WeChat Draft Publisher
Security checks across static analysis, malware telemetry, and agentic risk
Overview
The skill appears to do what it advertises, but it uses your WeChat account credentials and can create drafts and upload media in that account.
Install this only if you want OpenClaw to create drafts in the configured WeChat official account. Keep config.json and environment variables private, use a trusted image provider, review drafts in WeChat before public publishing, and avoid the optional --publish path unless you intend to submit immediately.
Static analysis
No static analysis findings were reported for this release.
VirusTotal
VirusTotal findings are pending for this skill version.
Risk analysis
Artifact-based informational review of SKILL.md, metadata, install specs, static scan signals, and capability signals. ClawScan does not execute the skill or run runtime probes.

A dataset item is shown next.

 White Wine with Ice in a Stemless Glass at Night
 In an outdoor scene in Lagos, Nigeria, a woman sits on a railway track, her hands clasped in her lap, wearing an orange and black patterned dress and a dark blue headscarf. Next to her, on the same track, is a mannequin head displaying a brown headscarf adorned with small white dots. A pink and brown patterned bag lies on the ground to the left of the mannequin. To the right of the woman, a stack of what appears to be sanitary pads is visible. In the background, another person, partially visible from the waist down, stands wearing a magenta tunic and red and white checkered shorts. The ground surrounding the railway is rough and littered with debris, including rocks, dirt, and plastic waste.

Anyone running this skill with valid credentials lets it act through that WeChat official account to upload media and create drafts.
The skill uses the configured WeChat AppID and AppSecret to obtain an access token, which is expected for WeChat official-account API access but grants authority over the configured account.

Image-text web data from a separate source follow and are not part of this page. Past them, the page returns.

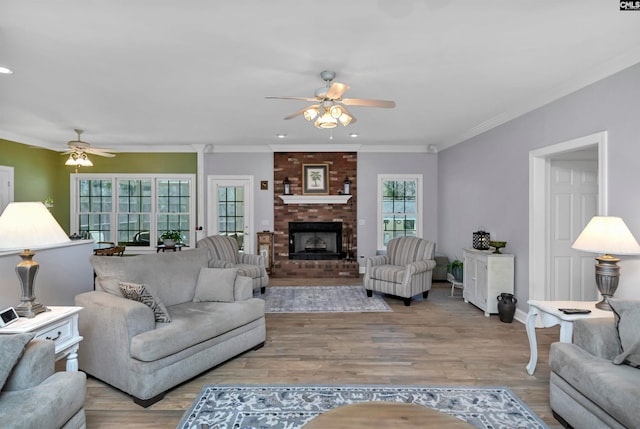 230 Wildlife Rd, Lexington, SC 29072 - living room featuring ceiling fan, brick wall, a brick fireplace, light hardwood / wood-style flooring, and crown molding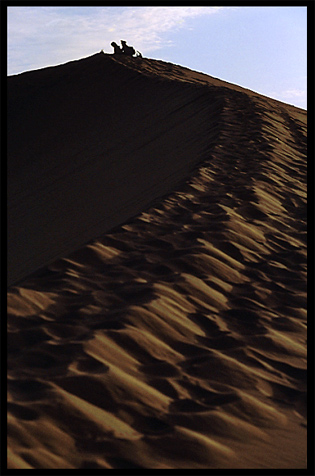 People watching the sunrise on the towering sand dunes at Crescent Moon Lake (Yueyaquan). Dunhuang, Gansu, China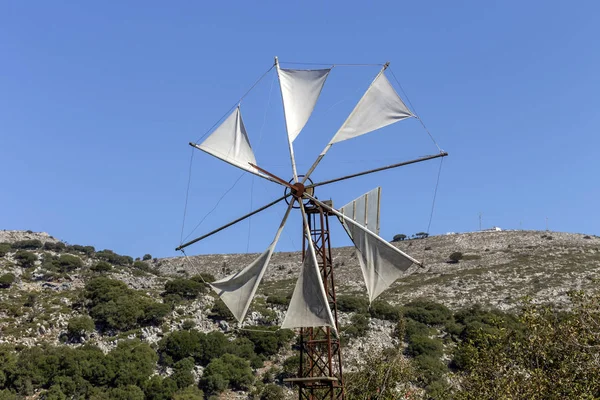 Old, historic, famous, metallic windmills who pump water out of the ground for irrigation of fields on a sunny day (Lassithi area, island Crete, Greece)
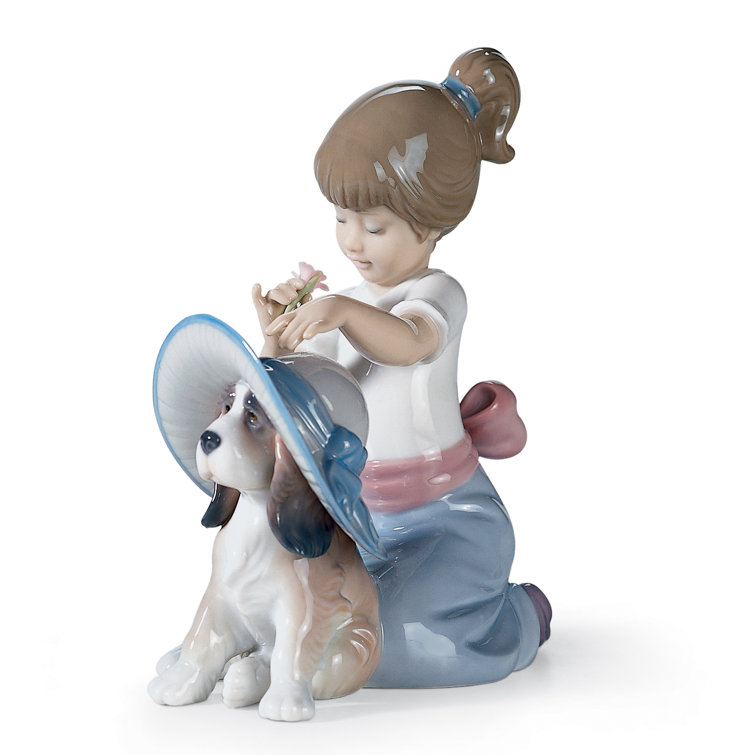 Glossy Porcelain Girl and Dog Figurine with Blue and Red Accents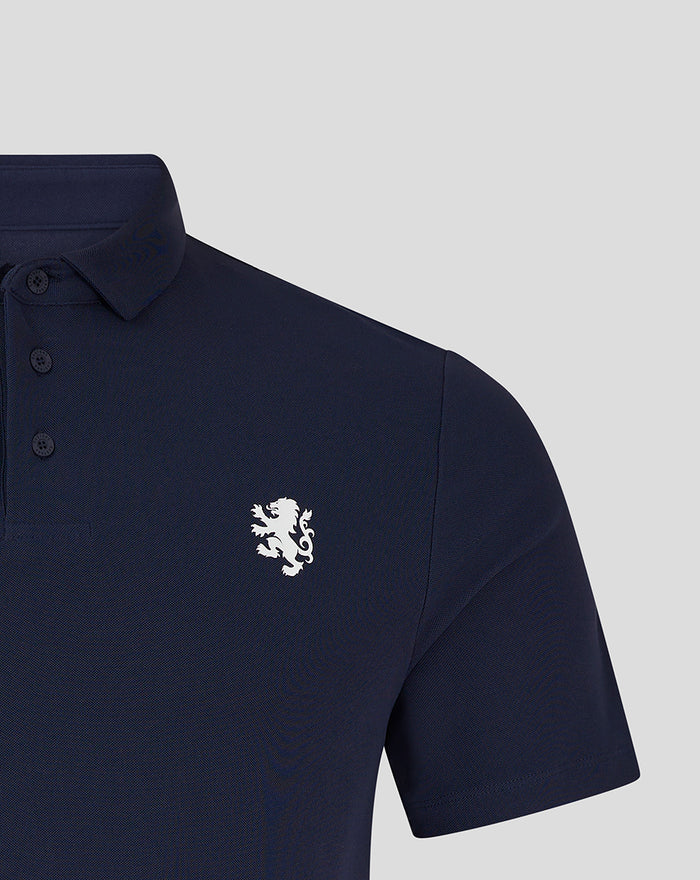 Close up of navy golf polo showing collar and three button placket with white crest on chest.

params = {"grant_type": "client_credential", "appid": self.appid, "secret": self.appsecret}Use credentials only for the intended account, keep config.json private, and rotate the AppSecret if it may have been exposed.
A normal invocation can add drafts and media to your WeChat account; using the optional publish flag can submit content for public publishing.
The script creates a WeChat draft by default and has an explicit optional path to submit it for publication. This is purpose-aligned, but it mutates a third-party account.
media_id = wechat.add_draft(...); if args.publish: publish_id = wechat.submit_publish(media_id)
Review generated drafts in the WeChat backend before publishing, and do not use the --publish option unless you intentionally want immediate submission.
Article image prompts and the image API credential may be visible to the chosen image-generation service.
When AI images are enabled, prompts and the image API key are sent to the configured image provider. This is expected for image generation, but the provider is user-configured and should be trusted.
headers = {"Authorization": f"Bearer {self.api_key}", "Content-Type": "application/json"}; payload = {"prompt": prompt, "size": size}; resp = requests.post(self.api_base_url, ...)Use a trusted image API endpoint and avoid placing confidential information in image prompts.
Dependency behavior can vary depending on what versions pip resolves at install time.
The Python dependencies use lower-bound version ranges, so future package versions may be installed. This is common but less reproducible than pinned versions.
requests>=2.28.0 Pillow>=9.0.0
Install in a virtual environment and consider pinning known-good dependency versions for production use.